PROBLEM DETAILS - Pictures in the listing below are skipped, while the lines from the "House By The Sea Aigio Exterior foto" line through the "수출 탑 등 상을 받은" line are returned word for word.

DATA RECORDS -
**********
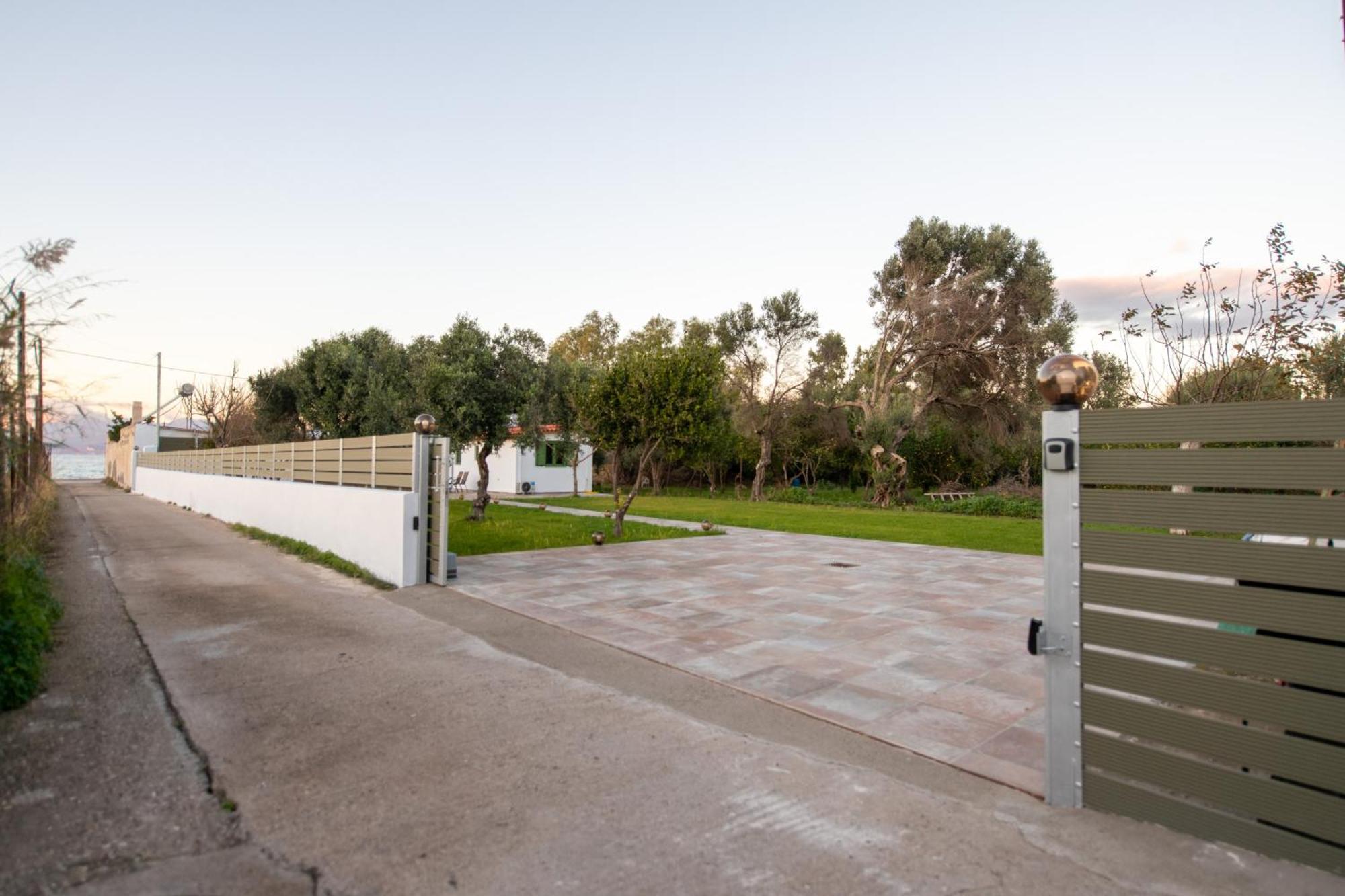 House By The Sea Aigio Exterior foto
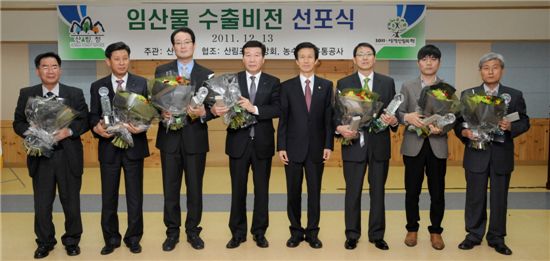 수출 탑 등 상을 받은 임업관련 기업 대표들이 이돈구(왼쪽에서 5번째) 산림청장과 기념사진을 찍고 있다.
**********
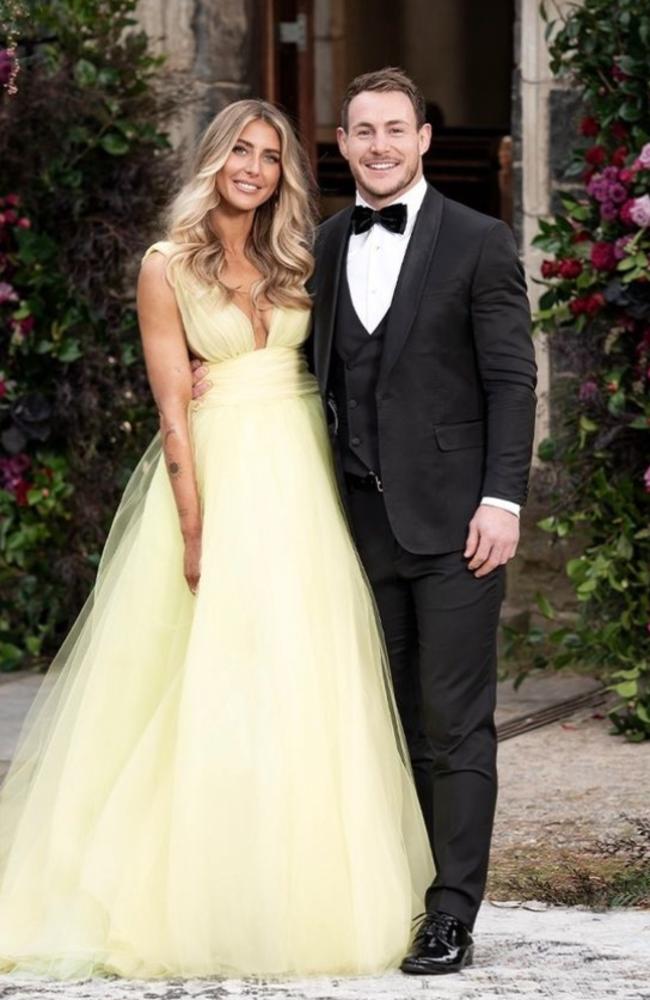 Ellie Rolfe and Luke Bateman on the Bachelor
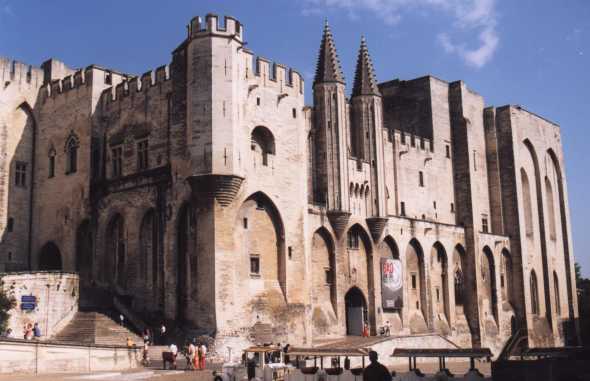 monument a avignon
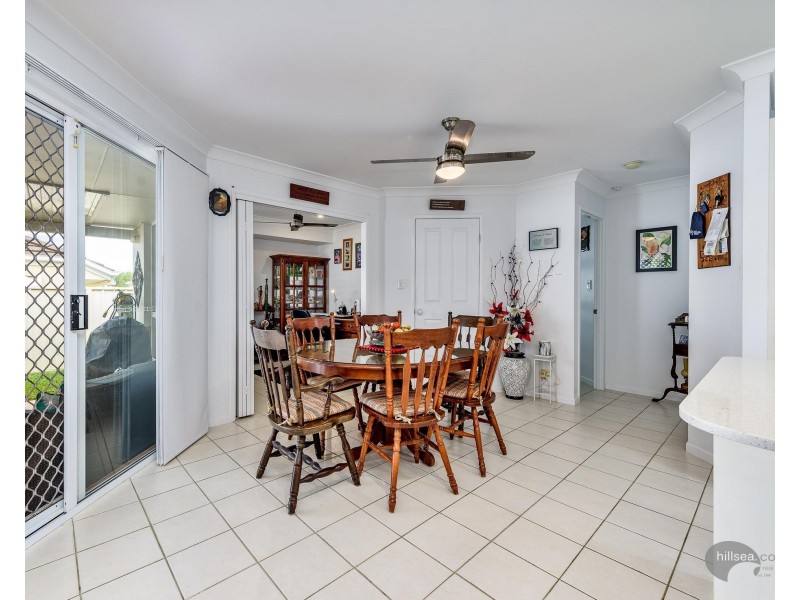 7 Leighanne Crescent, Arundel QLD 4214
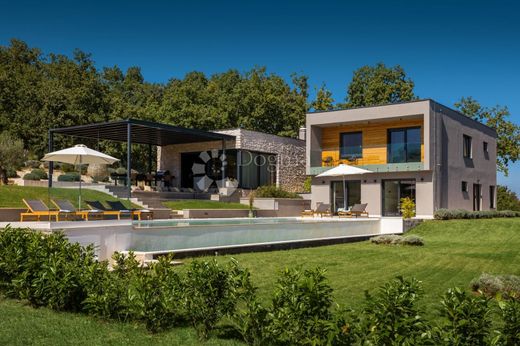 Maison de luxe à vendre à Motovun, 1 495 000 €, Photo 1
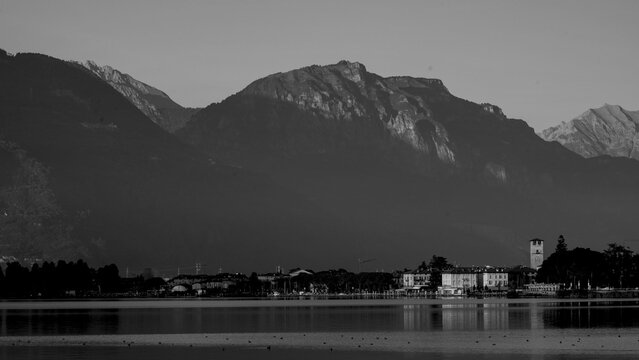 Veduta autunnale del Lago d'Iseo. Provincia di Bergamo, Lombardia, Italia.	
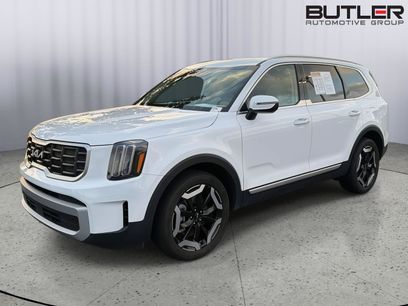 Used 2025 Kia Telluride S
**********
EXERCISE RESULT -
 House By The Sea Aigio Exterior foto
 수출 탑 등 상을 받은 임업관련 기업 대표들이 이돈구(왼쪽에서 5번째) 산림청장과 기념사진을 찍고 있다.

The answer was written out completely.